_What this task involves_
Retype each entry verbatim. Do not include the images.

_The data_
########################################
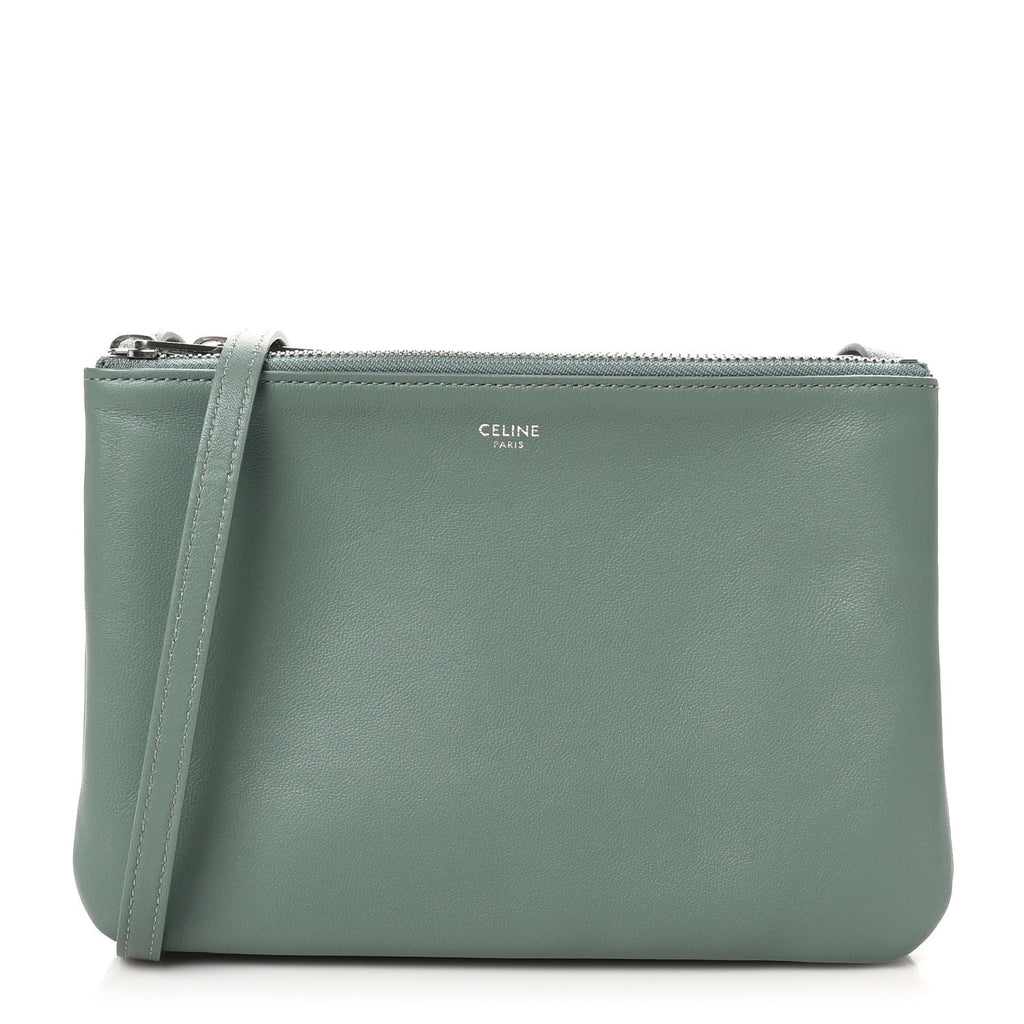 Lambskin Small Trio Crossbody Bag Celadon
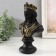 Souvenir Polystone "Bust. Queen" Black with gold 9x12.5x22 cm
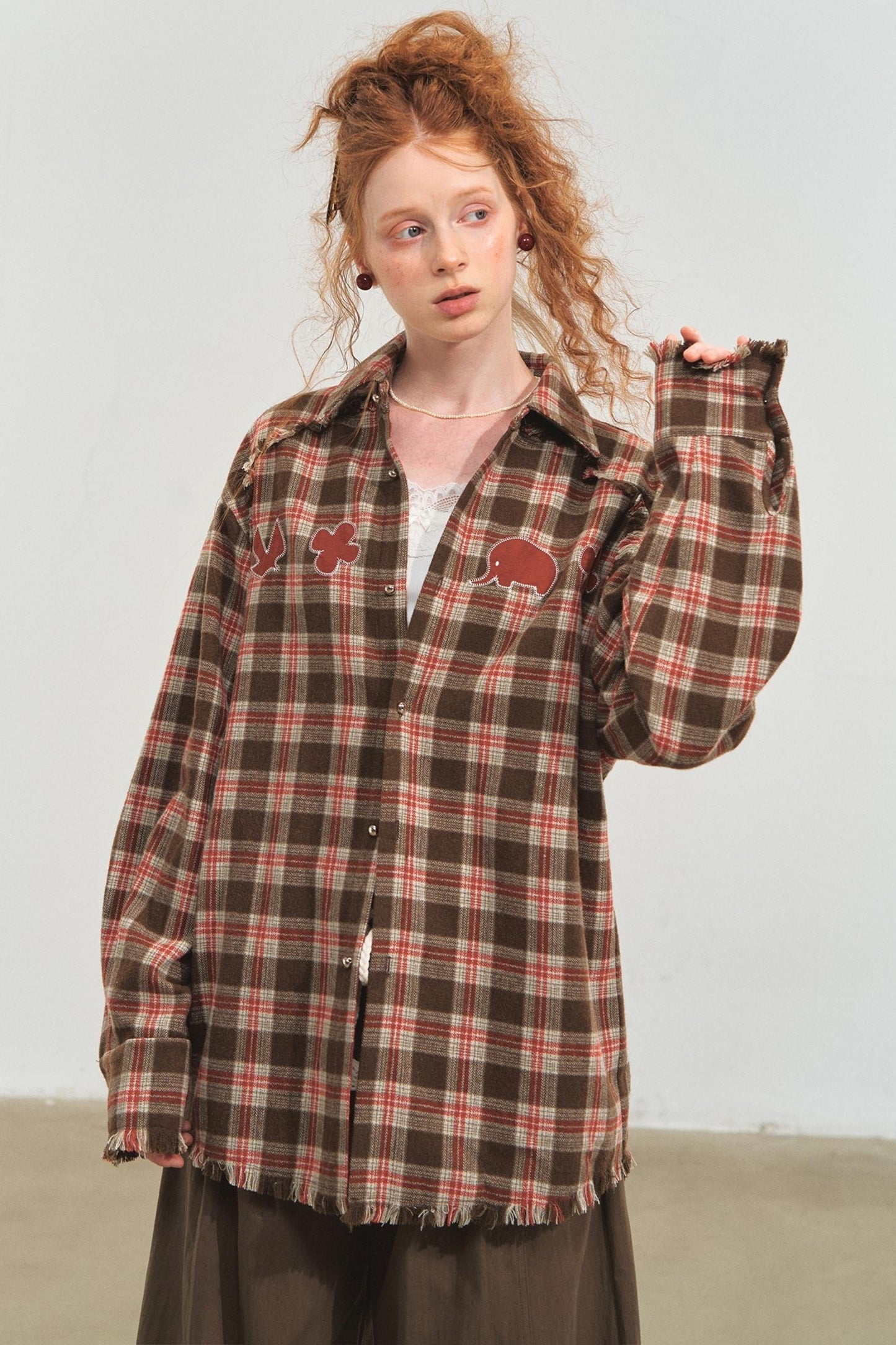 Fun Fringe Plaid Shirt
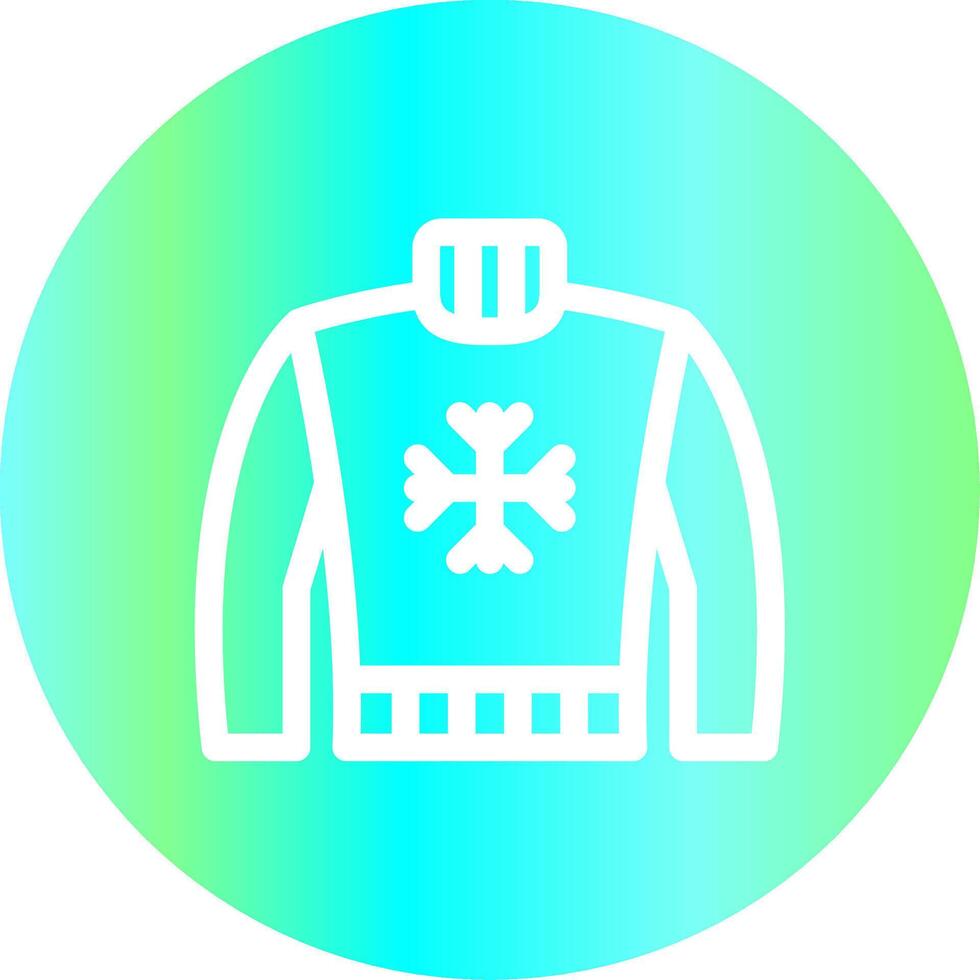 Sweater Creative Icon Design vector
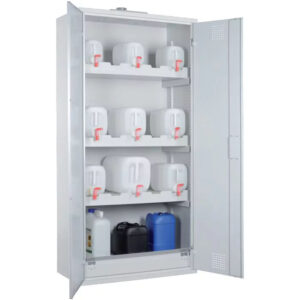 Stalen milieukast CHS-KAN 950 | liggende jerrycans | Grijs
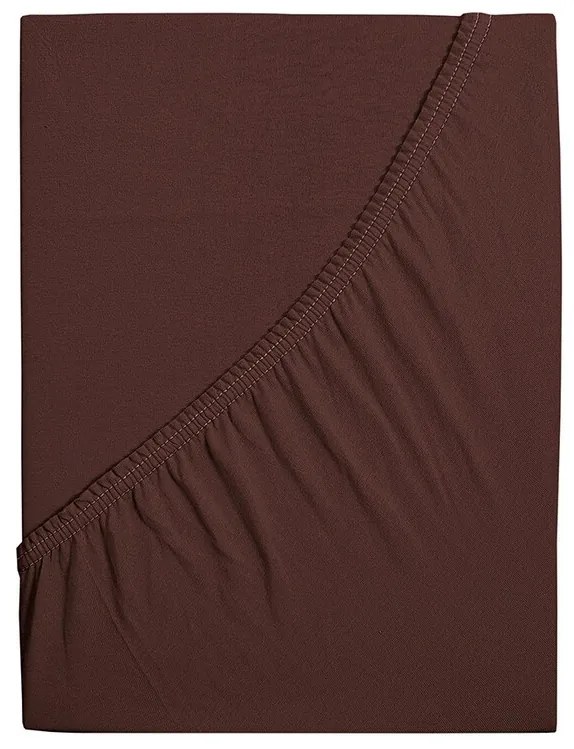 4Home jersey prestieradlo Ideál tmavohnedá, 160 x 200 cm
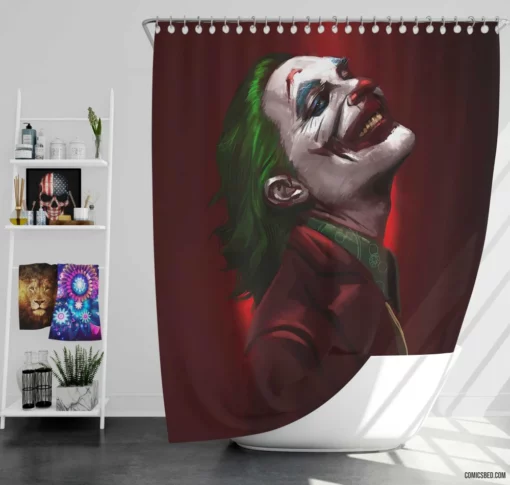 Joker DC Mischief Master Comic Shower Curtain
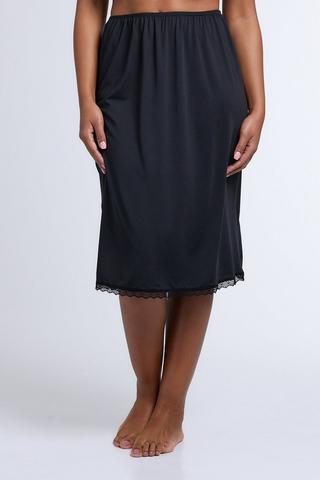 LADIES REGULAR HALF SLIP BLACK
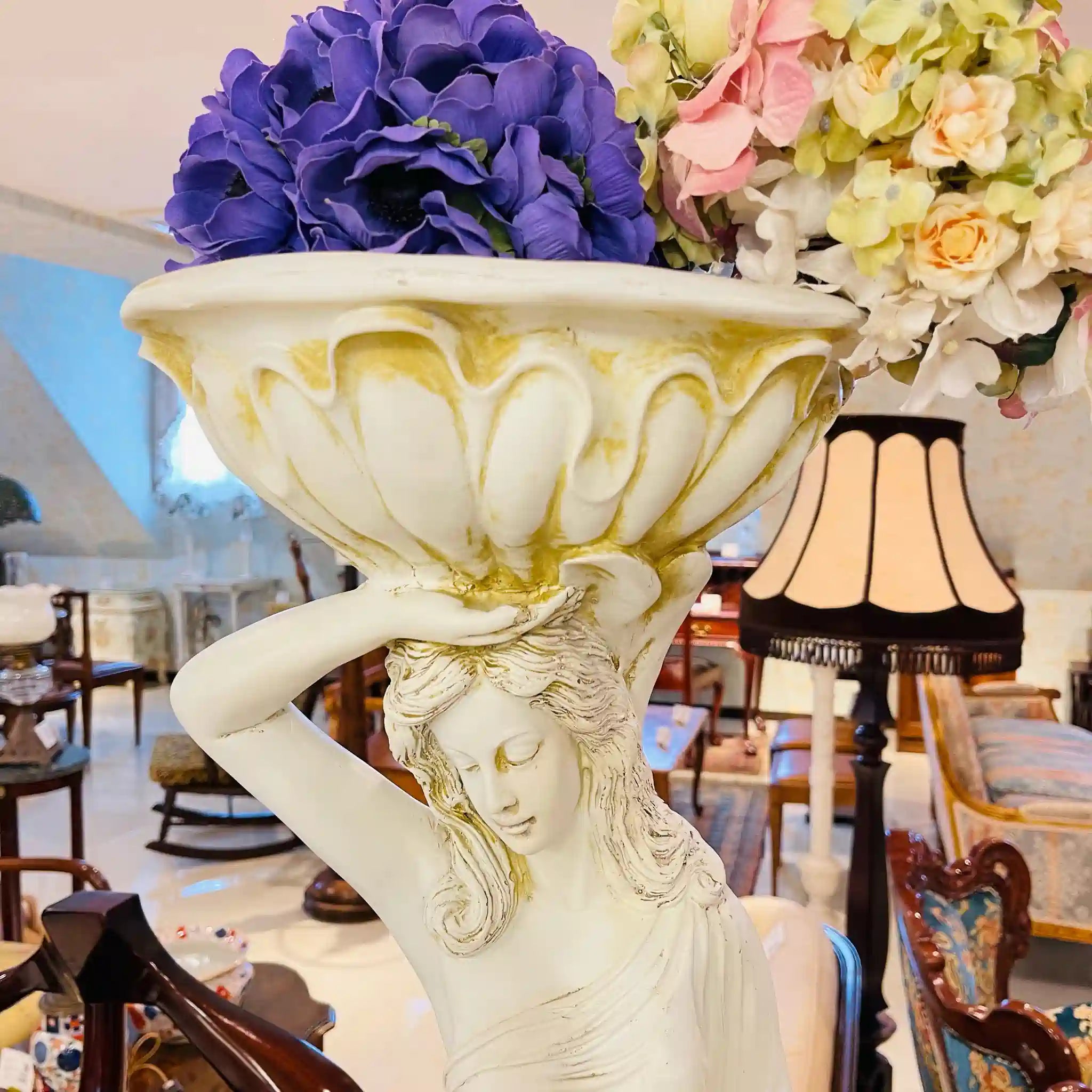 【アート/装飾品】 石膏像 裸婦像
########################################
_Output for this task_
 Lambskin Small Trio Crossbody Bag Celadon
 Souvenir Polystone "Bust. Queen" Black with gold 9x12.5x22 cm
 Fun Fringe Plaid Shirt
 Sweater Creative Icon Design vector
 Stalen milieukast CHS-KAN 950 | liggende jerrycans | Grijs
 4Home jersey prestieradlo Ideál tmavohnedá, 160 x 200 cm
 Joker DC Mischief Master Comic Shower Curtain
 LADIES REGULAR HALF SLIP BLACK
 【アート/装飾品】 石膏像 裸婦像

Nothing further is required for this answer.